A Little Analysis on the Memshrink Project

Table of Contents

1 A Little Analysis on the Memshrink Project

As the website ( https://wiki.mozilla.org/Performance/MemShrink ) describes, MemShrink is a project to reduce Firefox memory consumption. Summary (taken from the webpage) is

Speed. Firefox will be faster due to less cache pressure, less paging, and fewer/smaller GC and CC pauses. Changes that reduce memory consumption but make Firefox slower are not desirable.

Stability. Firefox will suffer fewer aborts/crashes due to virtual or physical memory exhaustion. The former is mostly a problem on 32-bit Windows builds with a 2GB or 4GB virtual memory limit, the latter is mostly a problem on mobile devices that lack swap space.

The engineers working on MemShrink asked the Metrics team to help discover and quantify what variables affect variables that related to MemShrink. Key among these is RESIDENT_MEMORY which is the resident memory that Firefox occupies. For a given installation, multiple measurements are taken before the data is submitted. The data, for a given installation, is recorded as a histogram (so we dont have serial correlations between observations …), and the final value used in modeling is the weighted mean.

1.1 The Data Set

We already have some variables at our disposal, them being

  • the version of Firefox (10,11 or 12)
  • number of addons<
  • does the installation have Firebug? (Yes/No)
  • memory size
  • Number of CPUs
  • RESIDENT_MEMORY

The data set was a 70% sample taken from the Hbase Telemetry table from 2012-01-01 to 2012-01-31. With those variables, we first looked at QQ Plots ( see http://en.wikipedia.org/wiki/Q-Q_plot ) to see the distribution for variable transformations (e.g. truncation? log transformation?). After that, the sample was further randomly sampled 1000 12.5% samples of the 70% sample. ANOVA was run across each of these samples and the quantiles of the residuals, the parameters and adjusted R squareds were taken.

1.2 Results

The following diagrams are scatter plots of some of the covariates vs. RESIDENT_MEMORY. This is used to consider interactions or transformations .In the following graphs, Y vs X implies Y on the vertical axis and X on the horizontal. 'log(A,2)' is the log of A with respect to base 2.

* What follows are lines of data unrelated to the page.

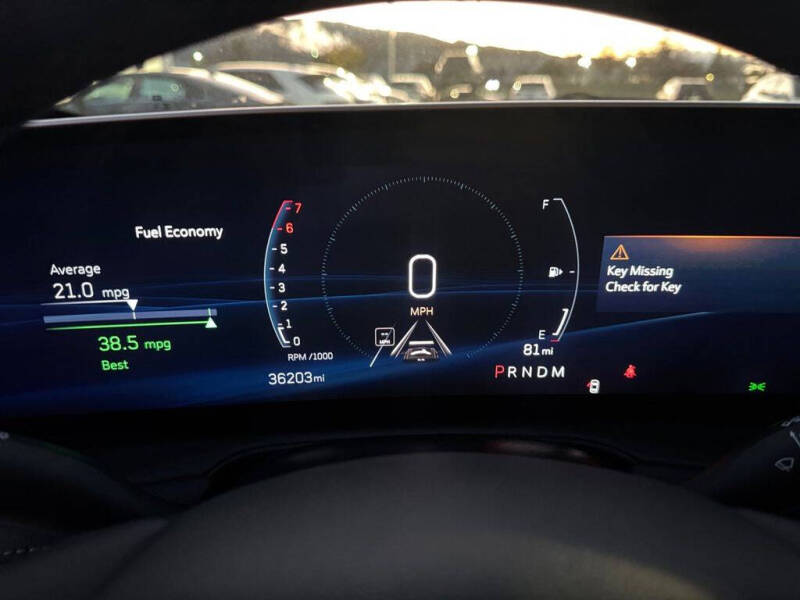 2025 Cadillac XT4 Premium Luxury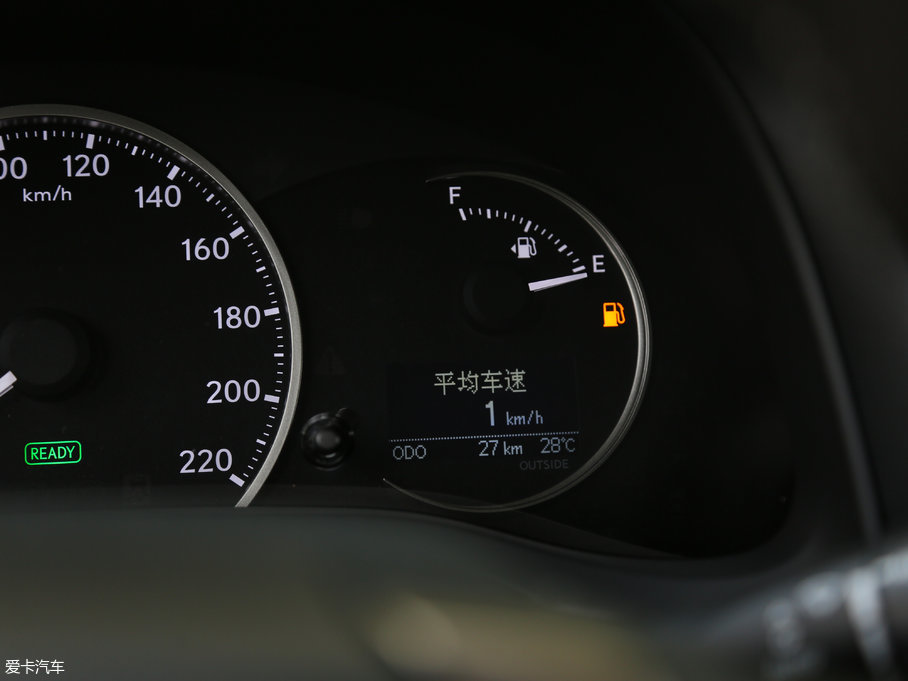 2017׿_˹CT 200h m ɫ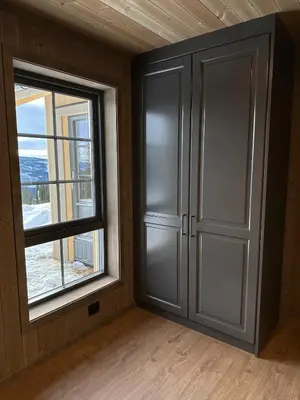 a room with a door and a window at Aurdalsåsen panorama in Aurdal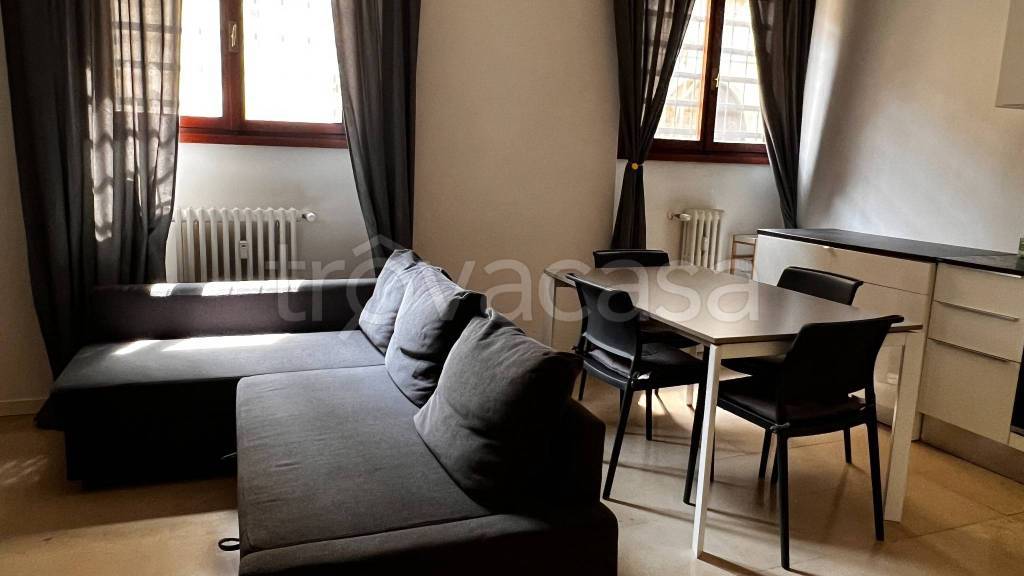 appartamento in affitto a Pavia in zona Centro Città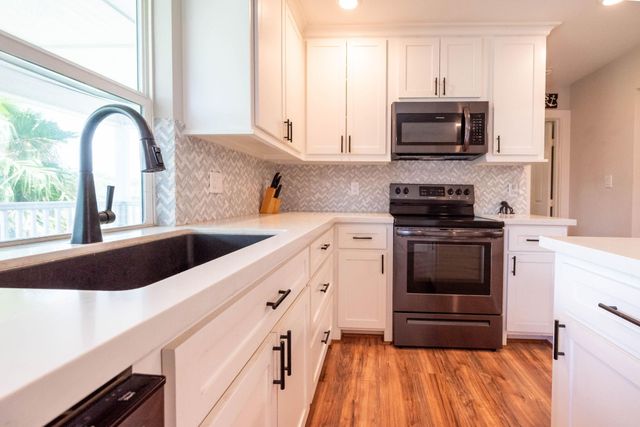 6902 Avenue P, Galveston, TX 77551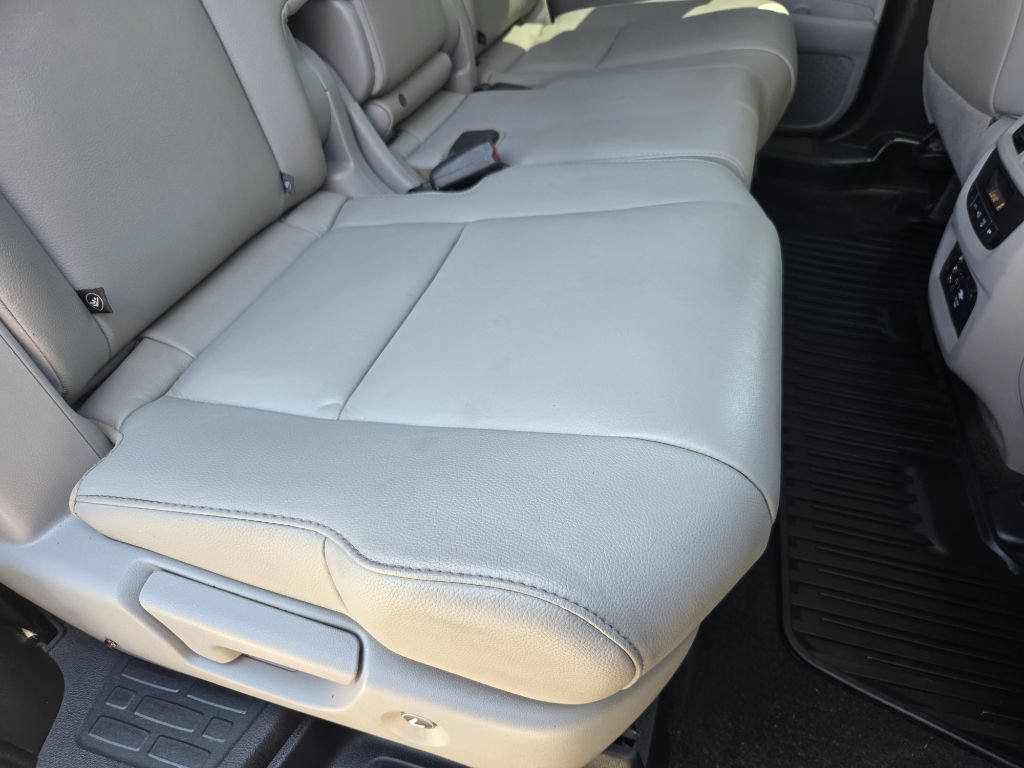 Used 2018 Honda Pilot Touring image 38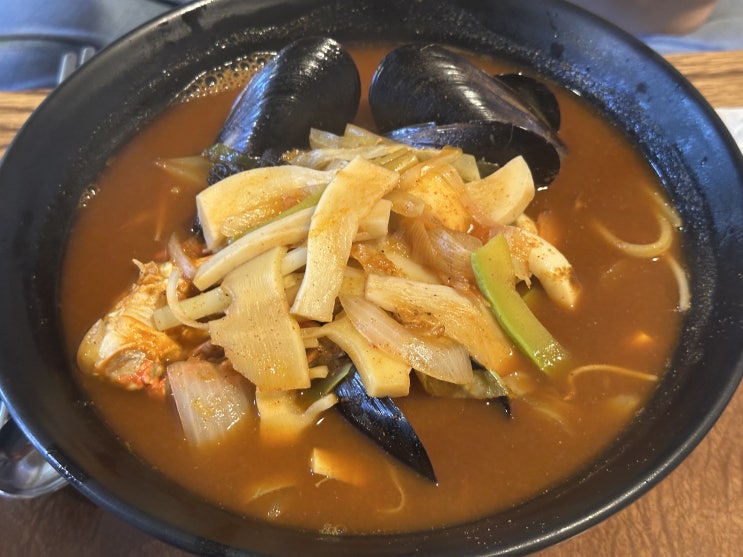  오늘 점심 충주 목행동 내돈내산 맛있게 매운 3단계짬뽕 도전 행복짬뽕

http://blog.mozilla.com/metrics/files/2012/02/addon.png

1(a) log(RESIDENT_MEMORY in bytes,2) vs. Log(# of Addons,2) by Version

http://blog.mozilla.com/metrics/files/2012/02/memsize.png

1(b) log(RESIDENT_MEMORY in bytes,2) vs. Log(Memsize in bytes,2) by Version

http://blog.mozilla.com/metrics/files/2012/02/hasfb.png

http://blog.mozilla.com/metrics/files/2012/02/resmem.png

Observations:

  1. there doesn't seem to be interaction with version except for a feeble one in (1c)
  2. 1(d) is also called the Empirical Cumulative Distribution Function.. If the distribution were uniform, it would be a diagonal at 45 degrees. The panel for '12' indicates that 60% of the obs. are less than 218 bytes.
  3. In summary, he data set is extremely noisy. Though the assumptions of modeling are met (independence etc) the variables only explain 35% of the variation (not even 50) as seen from the ANOVA R2.
  4. 1(a): definite increasing trend with log(addon+1) but there is so much variation! and no difference across versions.
  5. 1(b): same as (2) except that in 12 the flattening happens earlier though flattens at a higher value than 10,11. I expect some flattening to happen, why would RESIDENT_MEMORY increase continuously just because memory size is bigger?
  6. 1(c): marginal difference, but again so much noise.
  7. 1(d) the distribution of RESIDENT_MEMORY is almost same for 10,11,12 with a slight upward shift for 12.

We cannot expect a great fit with these variables. The next is a panel display of QQ plots of 100 random ANOVA residuals. Statistical inference in in this particular case study requires that the residuals be Gaussian distributed. Here 'normal' means the Normal distribution. They aren't perfectly Normal, but the departure looks acceptable. Not included are the other displays such Scale-Location plots, though upon inspection they show no relation between scale and location (i.e. variances does not depend on mean).

http://blog.mozilla.com/metrics/files/2012/02/qq1.png

1.3 Interpretation

Averaging the coefficients of 1000 regression produces the following parameter table. Though the estimates are precise the R squared itself is not the highest - a lot of explanation is required. Explanation of the table follows below it. The model is \(log(RESIDENT MEMORY,2) \sim version +log(addon+1,2) + hasFirebug(fb) + log(memorysize,2)\)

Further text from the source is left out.